Throughout the creative process, Bartesaghi observed the philosophic split between parkour and freerunning, and integrated it into the template of his script: A traceur who uses his skills for survival comes across a group of freerunners who see their talents as a form of physical artistic expression. “Hollywood, and even small, indie productions kind of abuse the visual spectacle that comes from freerunning and parkour without actually portraying the culture and the motivation the right way,” Bartesaghi argues. “My goal was actually to put more focus on that element than the spectacular.” Elements of the storyline continued to evolve throughout the film’s casting process as Bartesaghi saw echoes of his story in his actors’ traceur reels.  “It was amazing to see how the background of the videos came alive through their experiences and their real lives,” he says. Some traceurs who appeared in the film even shared their nicknames with Run’s characters.

Bartesaghi and producer Aimee Schoof of Intrinsic Value Films partnered with Tempest to execute his vision of a film inspired by these lifestyles. For Schoof, working with Tempest elevated the film, especially the contributions from Darnell and Victor Lopez, who worked as stunt coordinators and consultants. “They all came together and created Tempest because they love parkour,” Schoof says. “But they’re all professional stunt people in the business, so they’re the best.”

Tempest teammate Shane “Thunder” Daniels doubled as the lead character despite Moseley’s enthusiasm to learn the techniques and do his own stunts. Daniels, whose credits include The Amazing Spider-Man, After Earth, and 300: Rise of an Empire, first encountered parkour on the big screen with Foucan’s Casino Royale cameo. His involvement with Run, a story so close to his own lifestyle, was both personal and professional. “[Bartesaghi] did a good job because throughout the whole movie, whenever it came to a freerunning or parkour scene or the philosophy, he always came to us and asked us if this is how it would be, is this the kind of energy that this portrays?” Daniels says.

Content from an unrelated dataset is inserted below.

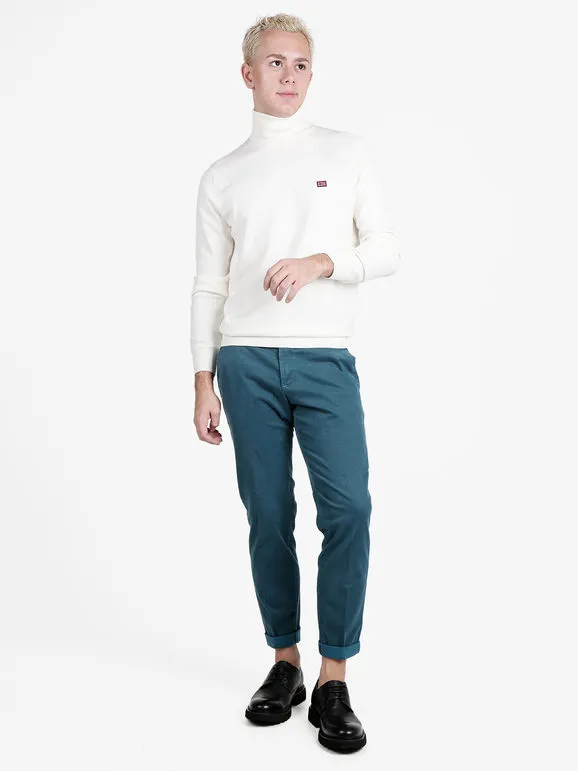 XCAPE PANTALóN DE HOMBRE TEXTURIZADO SLIM FIT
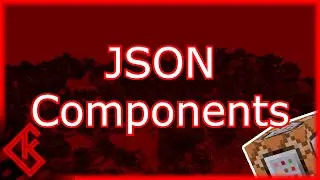 (Почти) все компоненты JSON в Minecraft! | Minecraft Bedrock Edition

Bartesaghi asked Daniels, an untested actor, to read for a few supporting roles. “That was out of the ordinary for me,” Daniels says. “Just to take me out of nowhere and have me read and see the belief he has in a person is inspiring. He showed that throughout the entire process of the movie.”

Bartesaghi shot Run in 3D, using a special camera rig instead of adding clunky special effects in post-production. Filming the movie on New York City rooftops in the middle of January provided its own set of obstacles. “The cameras were shutting down because it was too cold,” Bartesaghi recalls. But watching the Tempest team piece together the chase scenes made up for the weather. “The inspiring process of a freerunner trying to find the best path to go from one place to the other, how they used New York’s landscape, and to see them working together to find the most exciting sequence was great,” he says.

The community aspect of parkour was present throughout the making of the movie. “It was incredible to see people coming from different experiences, different backgrounds,” Bartesaghi explains. “All of them have found in freerunning and parkour a reason to get better, aspire to a better life. That was kind of the theme of our movie. They brought real life to the movie.”